John Richard Buckland (3 August 1819 – 13 October 1874), was an Australian school teacher and first headmaster of The Hutchins School, Tasmania.
Buckland was the son of the Rev. John Buckland, Rector of Templeton, Devonshire, and a nephew of Dr. William Buckland, Dean of Westminster. He received his early education from his father at Laleham, and was then sent to Rugby School, of which school his uncle, Dr. Arnold, was at the time head master. At the age of seventeen he went to the University of Oxford, where he held a studentship at Christ Church.

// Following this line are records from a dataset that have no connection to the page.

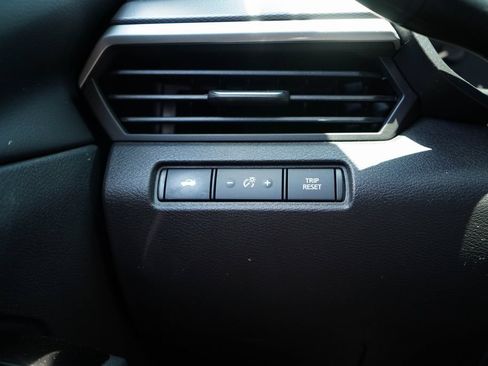Used 2023 Nissan Altima 2.5 SR AWD/4WD image 30
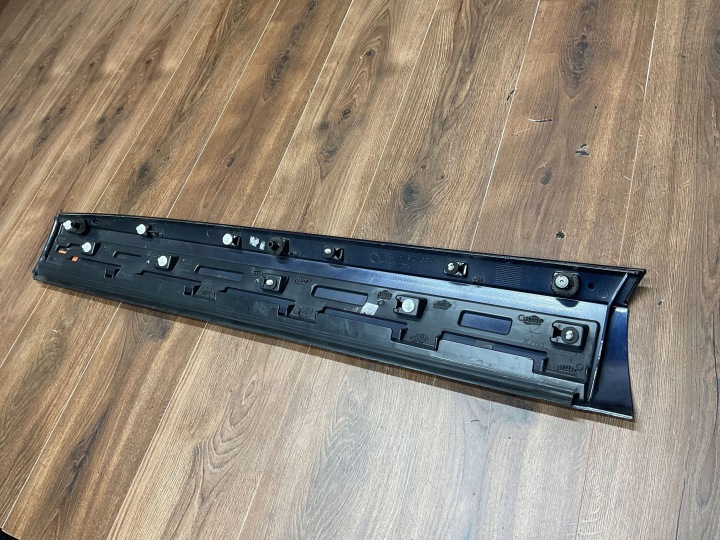 JAGUAR F-PACE X761 MOULURE PORTES DROIT AVANT HK8M-21064-ABW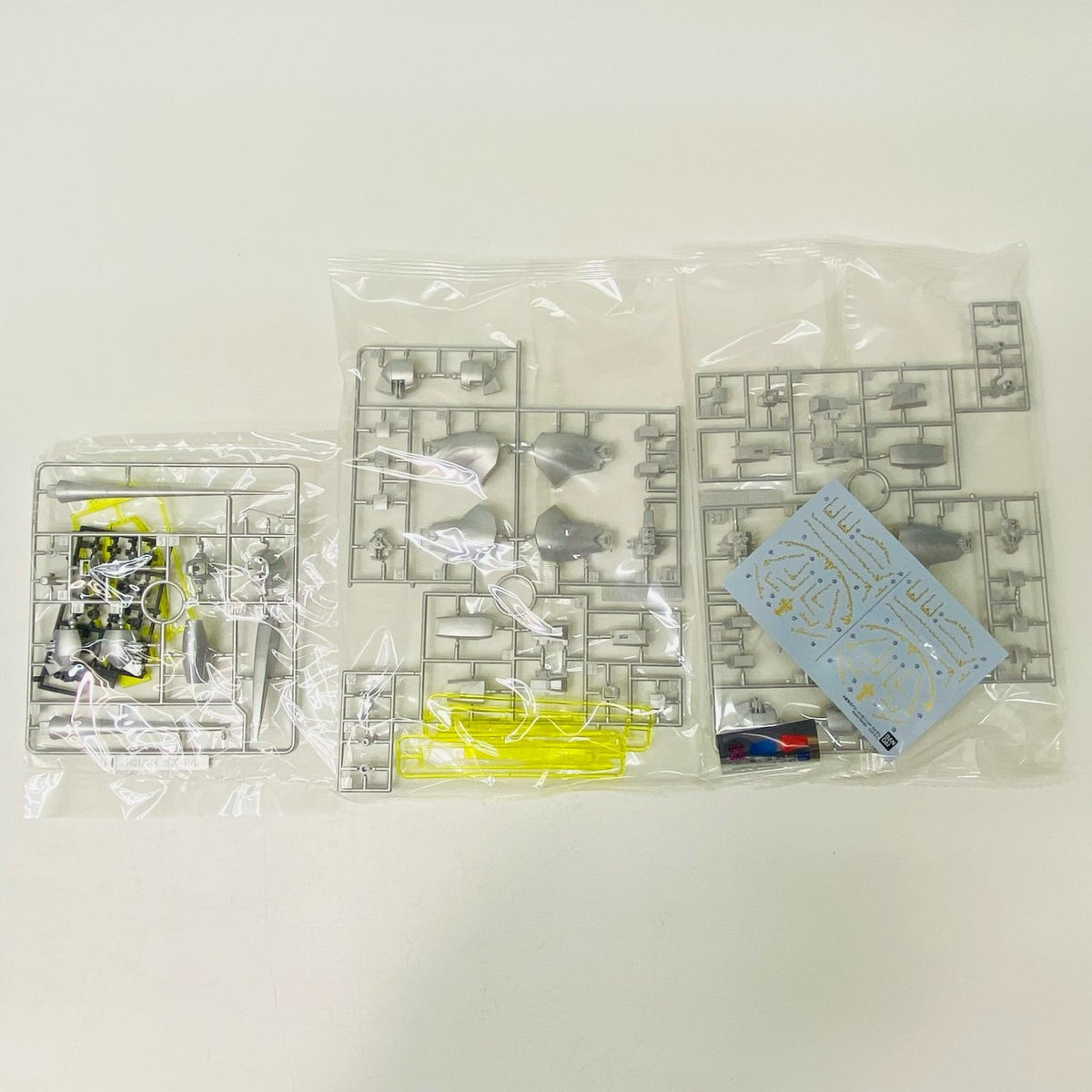 プラモデル 1/144HGAMX-117R/AMX-117LガズR/L(2機セット)「機動戦士ガンダムZZ」プレミアムバンダイ限定[5055624] AMX-117RAMX-117LガズRL 2機セット HG プレミアムバンダイ限定 5055624【加古川物流】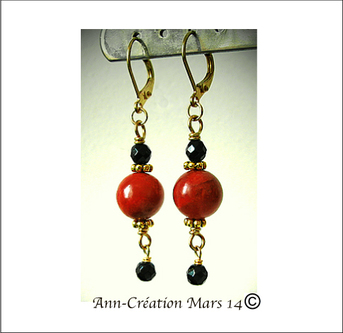 Boucles Dormeuses Corail Rouge, Onyx Noir Plaqué Or sur Laiton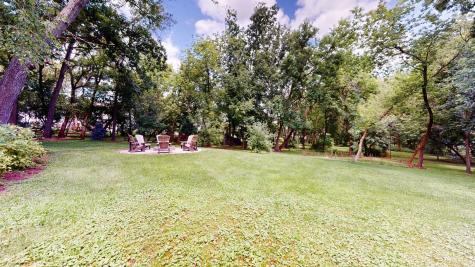 5670 Brentwood Drive Hoffman Estates IL 60192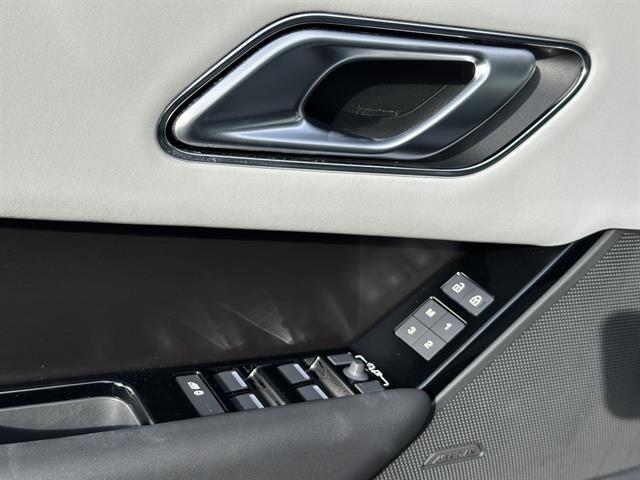 2026 Land Rover Range Rover Velar P250 Dynamic SE Tucson AZ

After taking his degree Buckland determined to emigrate to the colonies, and sailed for New Zealand, but in consequence of the unsettled state of affairs in that colony he removed to Tasmania, arriving in Hobart in February 1843. He was for a time second master of the Queen's School, of which the Rev. John Philip Gell was head master. On the closing of that school he opened a private school. In 1845 he was ordained. In 1846 the prospectus of a Church of England Grammar School was issued, and on 3 August in that year the school, named "The Hutchins School" in memory of Archdeacon William Hutchins, was opened at Hobart, with Buckland as head master. It soon became one of the leading schools of the colony, a position which it has ever since maintained, a large number of the most prominent men of Tasmania having received their education at the Hutchins School. Buckland held the post of headmaster for twenty-eight years, until his death, which took place at Hobart on 13 October 1874.